Tuesday, March 28, 2017

Nash - GLASS

In her book, Black Body in Ecstasy: Reading Race, Reading Pornography, Jennifer Nash seeks to re-claim desire for black female spectators of racialized pornographic films. Placing herself in conversation with both black feminist scholars and feminist porn scholars, Nash borrows form pornography scholarship, feminist work, and black feminist theory – among others – to encourage a different, more nuanced look at the possible pleasures for black spectators in watching pornography.

Perhaps the most interesting aspect of her work in my opinion, Nash critiques existing black feminist scholarship on porn while insisting that pornography and sexuality have multiple meanings – in other words, she claims to be a “sex radical” (Nash 2014: 16). Through her “loving critique,” Nash analyzes four films (Lialeh, Sexworld, Black Taboo and Black Throat) and explains that unlike what the existing black feminist scholarship posits, there is a potential to read pleasure in these films.

I found her term “race-pleasure” most interesting. According to Nash, “race-pleasure” can be seen in Sexworld and denotes the experience of pleasure through blackness. Nash proclaims that Jill’s (the protagonist) use of hyperbolic stereotypes of white men provide her with the vocabulary to voice her pleasures.

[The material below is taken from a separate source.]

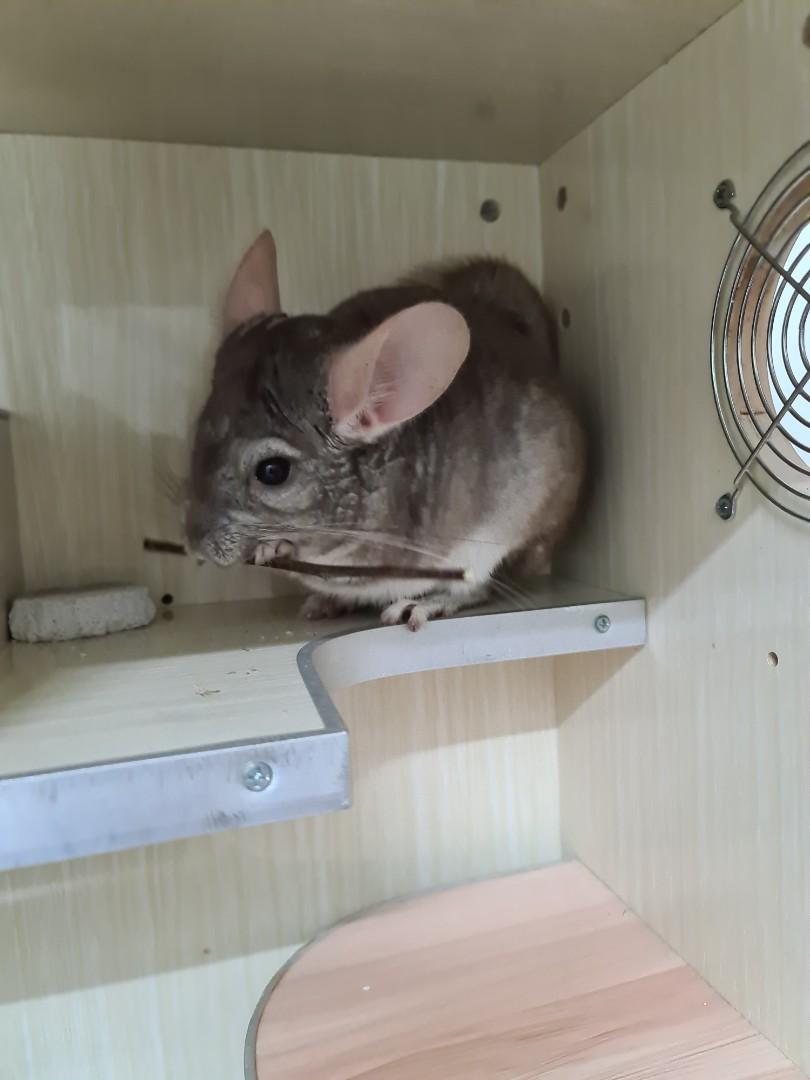Preloved chinchilla sales
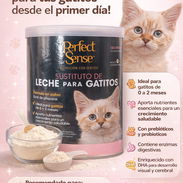 Sustituto lácteo para gatos - Img 55804618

I like the way Nash seems to re-coopt pornography in a way that the reader can almost feel the “power” (or pleasure/ecstasy) returning to black women. Her read of the four films “lovingly” disagrees with previous scholarship as she gives ecstasy back to black women.

I am not sure myself how this would apply to my own research – although I like the way she essentially says “no, this is not demeaning or belittling, this is, or can be empowering” in her work. I would like to be able to achieve this in my own work at some point – to challenge previous scholarship around the politics of motherhood, for example, in a way that gives power back.

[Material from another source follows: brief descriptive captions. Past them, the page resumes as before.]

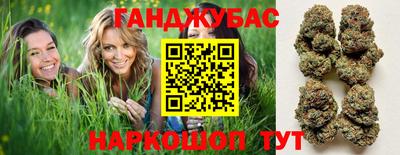 крисы Будённовск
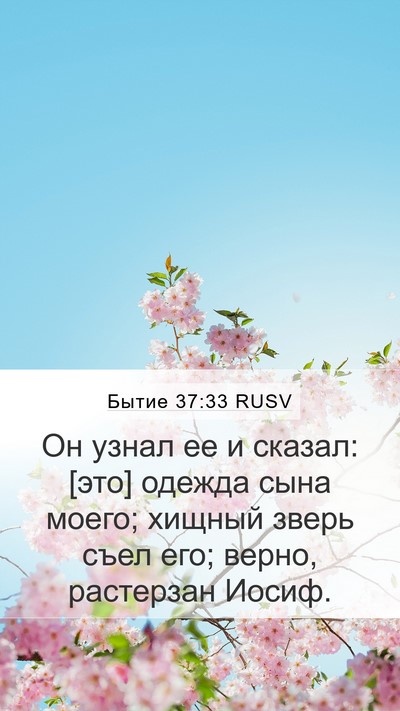 Бытие 37:33 RUSV Bible Verse Image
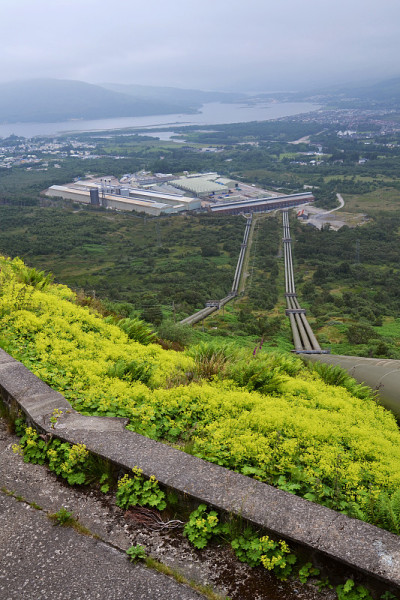 在阴天多雾的夏日里，水柱将水输送到威廉堡铝厂，背景是林河湖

I can see this being applicable to previous readings in that we, as researchers, have a duty to represent our subjects and their necessities and desires in a way that helps and not hurts. So her push back to read pleasure in the films instead of viewing them as solely damaging seems to urge other scholars to also view black bodies in this way.


My question is: is this enough? Does her reading of black women in pleasure, as empowering as it seems, ignore other institutional forms of power that mock her reading of pleasure? I’m not sure I’m making sense with my question – but it seems to not be enough. Or is it enough, if many other scholars make this move with her?